Chicken and Wild Rice Soup

 Makes 10-12 servings
1 1/2 pounds cooked and shredded Chicken breasts
4 cups cooked wild rice
2 tablespoons butter
1 cup finely chopped celery
1 cup finely chopped carrots
1 cup finely chopped onions
1/3 cup finely chopped green pepper
1/3 cup finely chopped red pepper
2 cups frozen corn, thawed
2 cups chopped mushrooms
1/2 cup butter
1 cup flour
16 cups chicken broth
1 tablespoon finely chopped fresh parsley
1 teaspoon salt
1/4 teaspoon black pepper
1/4 teaspoon white pepper
1/4 teaspoon ground nutmeg
1/4 teaspoon cayenne
12oz can evaporated milk


Heat 2 tablespoons butter in large saute pan, set over medium heat until hot.  Increase heat to medium-high and add celery, carrot, onion, green pepper, and red pepper.  Cook until onion is tender. 
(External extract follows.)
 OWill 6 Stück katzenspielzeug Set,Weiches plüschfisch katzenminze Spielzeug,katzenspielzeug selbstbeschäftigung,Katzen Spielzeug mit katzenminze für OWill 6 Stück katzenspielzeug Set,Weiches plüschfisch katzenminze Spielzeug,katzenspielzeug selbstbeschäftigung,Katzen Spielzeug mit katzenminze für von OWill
Stir in corn and mushrooms.  Cook until mushrooms begin to turn golden brown and shiny wet, stirring frequently.  Remove from heat.  Bring broth to boil in large stock pot.
While broth is heating up, heat 1/2 cup butter in skillet, set over medium heat until hot; stir in flour.  Cook over low heat 2 minutes stirring constantly-do not brown.  Stir butter and flour mixture into broth.  Simmer until thickened, whisking to prevent lumps. Stir in cooked vegetables, parsley, salt, black pepper, white pepper, nutmeg, and cayenne.  Bring to a simmer, stirring occasionally.  Add chicken, rice, and evaporated milk.  Cooked until heated through.